-- Supplied material --
==================================================
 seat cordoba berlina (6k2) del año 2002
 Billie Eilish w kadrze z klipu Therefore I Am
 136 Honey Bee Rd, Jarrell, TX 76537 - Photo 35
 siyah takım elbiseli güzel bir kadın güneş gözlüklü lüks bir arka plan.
==================================================
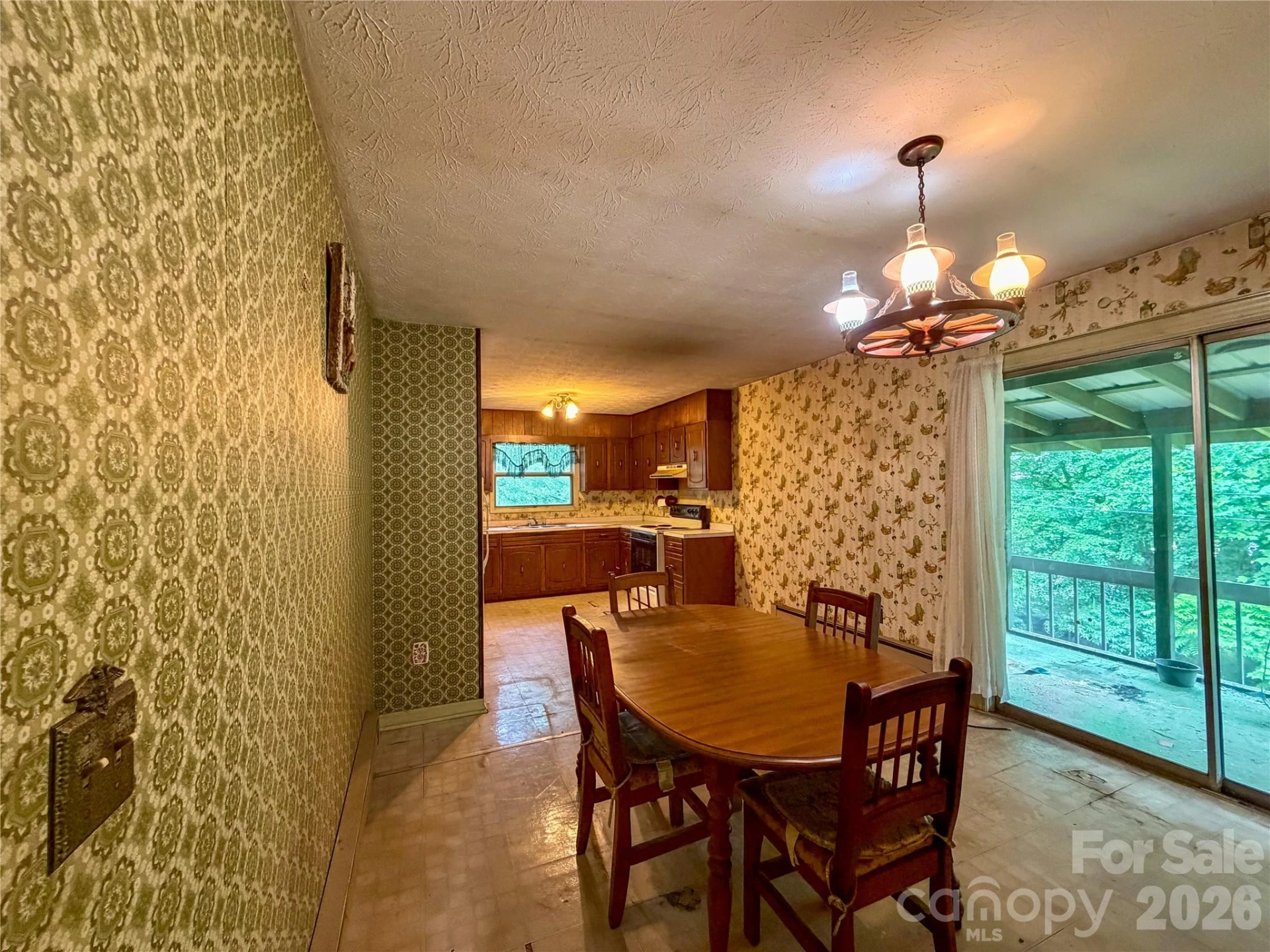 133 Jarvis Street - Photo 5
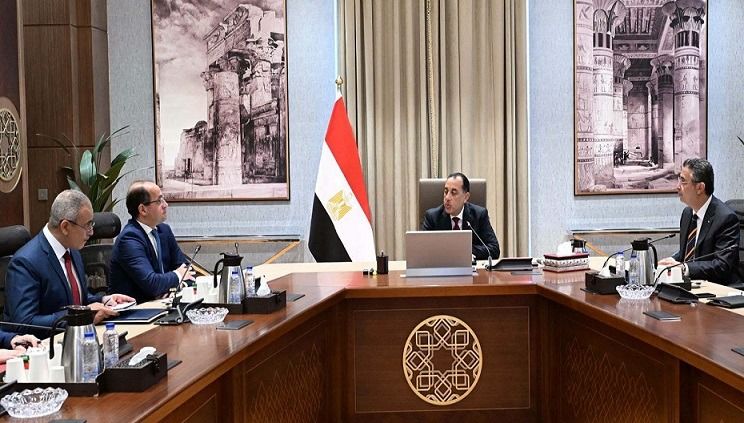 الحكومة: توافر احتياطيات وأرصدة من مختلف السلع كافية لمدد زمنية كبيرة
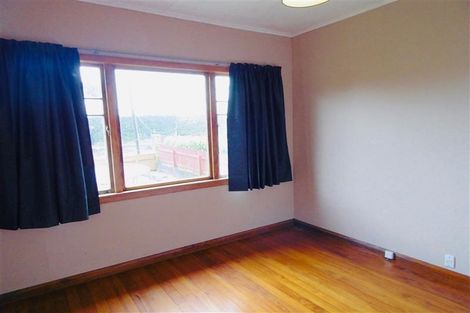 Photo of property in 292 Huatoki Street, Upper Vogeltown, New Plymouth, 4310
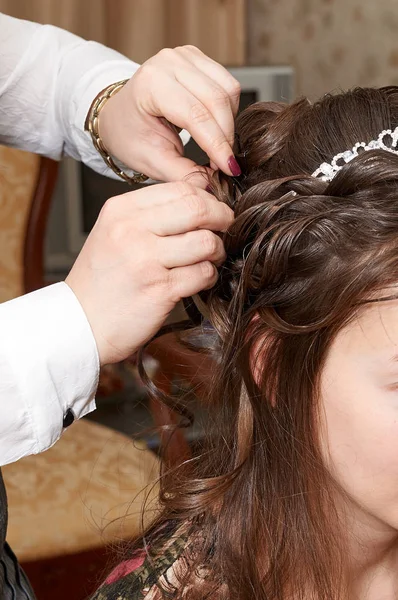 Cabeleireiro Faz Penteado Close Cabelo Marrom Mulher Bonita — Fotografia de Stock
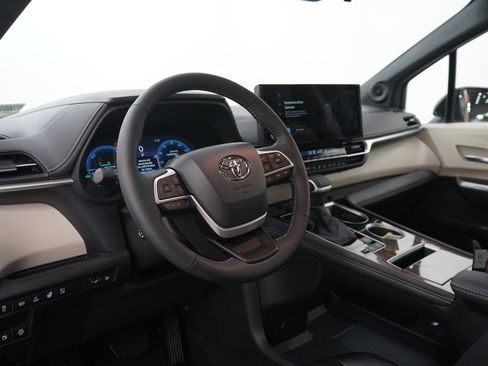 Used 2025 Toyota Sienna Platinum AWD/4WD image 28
==================================================
-- Requirement --
Will you return exactly the lines above from the one with "seat cordoba berlina (6k2) del año 2002" down to the one with "siyah takım elbiseli", counting both as part of the range?

-- Response to this exercise --
 seat cordoba berlina (6k2) del año 2002
 Billie Eilish w kadrze z klipu Therefore I Am
 136 Honey Bee Rd, Jarrell, TX 76537 - Photo 35
 siyah takım elbiseli güzel bir kadın güneş gözlüklü lüks bir arka plan.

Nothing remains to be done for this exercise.